Now the calculation. Doubling the size (from 24 Mp to 46 Mp) produces an increase in resolution of 1900 lp/ih to 2800 lp/ih. That is an increase of 47% or a factor of about 1.5. This is indeed a one-dimensional relation. It compares only one direction and not the area. But here is the confusion. The resolution is measured one dimensional in line pairs per mm. This resolution is identical in the horizontal and the vertical direction.The pixel pitch is a square measure (the 6 micron length of the Leica are the same for both directions. The pixel has a square area!) Now an example: assume that we would like to have the resolution of the Z7 for a new Leica sensor. Going from 1900 to 2800 lp per mm and increasing the resolution in both directions would require that the amount of pixels for the same size of the sensor grows2800/1900*24 = 35.4 Mp to get the same resolution of 2800 lp/ih. This value is less than expected. But the Leica processing chain might be more effective. The 35 Mp number would require a pixel pitch of 4.1 micron. This would result in a Nyquist value of 122 lp/mm or 2920 lp/ih. If we require to double the resolution of 1900 lp per mm, we would need a decrease in pixel pitch from 6 to 3 micron to get a resolution of 166.7 lp per mm. (Nyquist limit). This would imply an increase in amount of pixels to 96 Mp or 4 times the actual Mp or 24 Mp.

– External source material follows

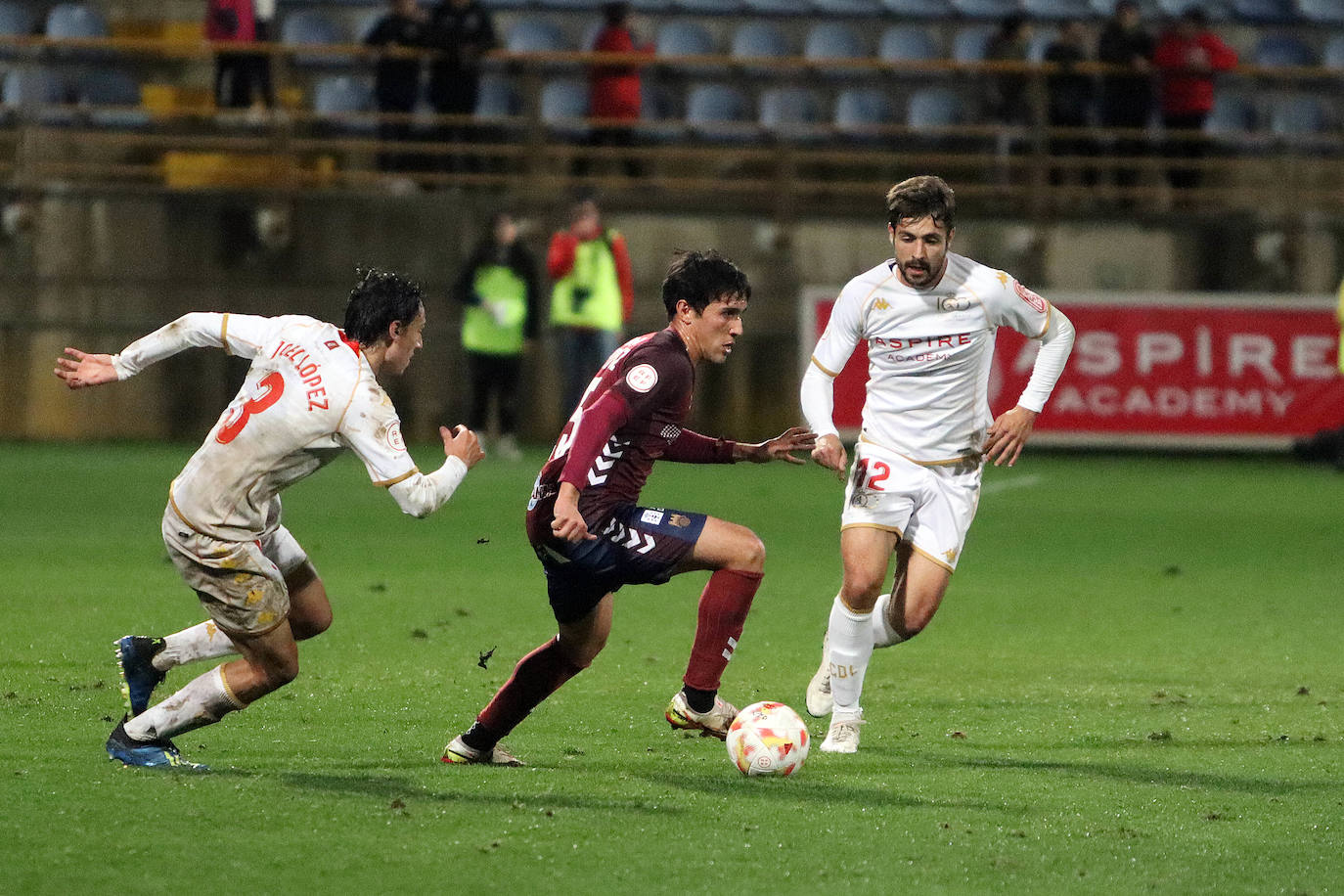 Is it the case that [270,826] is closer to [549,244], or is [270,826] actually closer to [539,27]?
[549,244]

Mixing the concept of the number of pixels in a certain area and the concept of the resolution of the pixel itself (in a one dimensional line) may be the reason for much confusion. The Nyquist frequency is a one dimensional measure, assuming a square sized pixel, and will calculate the resolution of the system. The resulting pixel pitch will define the number of pixels per sensor area.